I want to believe that I have all the time in the world, to go and grow and fail and fix. How is it possible to have so much time and so little to waste? It’s a constant ebb and flow of abundance and thirst. The more I have, the more I want. But it doesn’t work that way.
The Internet is lush with information on setting goals. Blog posts reveal the facts and figures, while Pinterest boards inspire users to pin their way to organized perfection. I found tips on setting goals for health and fitness, for financial planning, for professional development, and for 20-somethings specifically.
I’m definitely an advocate for setting goals, and believe they are something that should be reevaluated more than once a year. But I was relieved when I came across this article on the Huffington Post claiming that setting goals can do more harm that good. Stephanie Zamora writes that you should only have 2-3 priorities in your life at a time, or else you’ll end up feeling overwhelmed by exhaustion and disappointment.
At first I thought, “Great, now I need another list for priorities…” But the lesson here is to step back and decide what is truly important, and focus your time and energy doing those things. I had some trouble choosing only three, but I think these most accurately reflect the things that I want and love, in this moment. In no particular order:
This has recently become a joy for me. Although I majored in writing in college, I always approached it from the business standpoint: marketing, publicity, sales… I never thought that I would pursue writing in the creative sense, and actually enjoy doing it. This is a goal where I would like to focus more attention.
Objectives: Get better at curating material and develop a more concrete editorial calendar for this blog.

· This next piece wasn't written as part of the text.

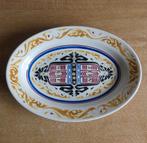 NOF Calve schaal 1924 antiek Petrus Regout, Antiek en Kunst, Ophalen of Verzenden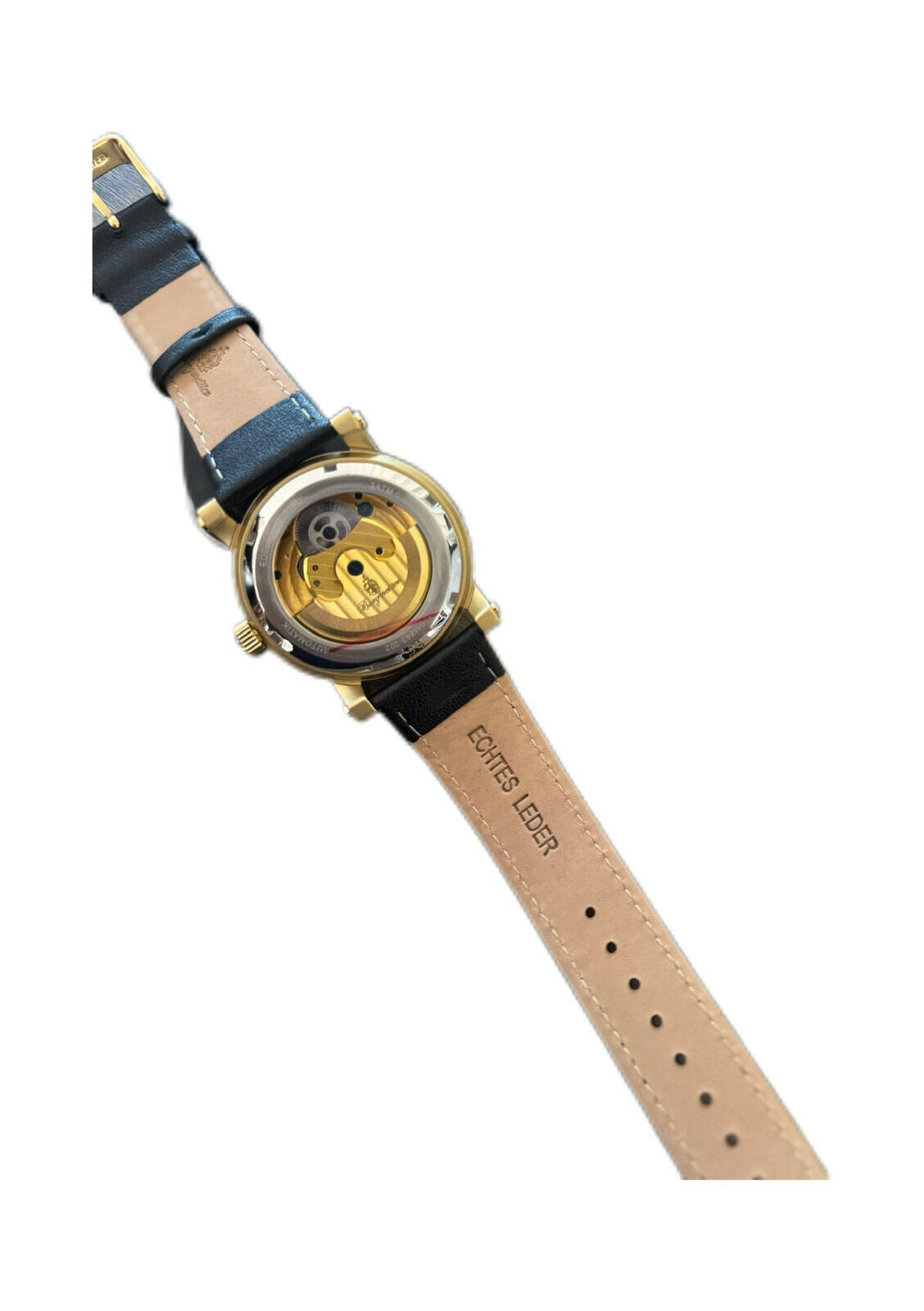 Automatik Uhr Burgmeister BM-243-202 NEU inkl. Verpackung, Elegante Herren Uhr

This, on the other hand, has been a lifetime love affair. There are few things I enjoy more than packing a bag and hitting the road, whether it is to discover a new place or return to my roots. It is thrilling to meet new people and indulge in new experiences, as it is a distinct pleasure to reconnect with familiar faces and places. Travel is an opportunity I hope to take advantage of for the rest of my life.
Objectives: Just keep going.
How can any of us do anything without our health? My health is necessary to fulfill the aforementioned and any future goals in my life, and should be a priority. Also, there is something so fulfilling about being able to open a really tough jar. Early on, my lack of hand-eye coordination seriously hampered the development of any actual athletic ability. But I do enjoy a variety of physical activities, like running and yoga.
Objectives: Pay equal attention to mental health; Take the time to relax and unwind.
To live life by time’s watch is constricting; what is truly liberating is the ability fall into step with life as it comes. I don’t think that I’ll be able to relinquish my dependence on lists completely (I mean, I still need a list of top ten places to travel, right?). But I’m glad I’ve whittled away enough to put a few not-so-important objectives on the back burner. I’ll make a note to reevaluate in six months, but I’ll be okay if I lose it somewhere between the lines.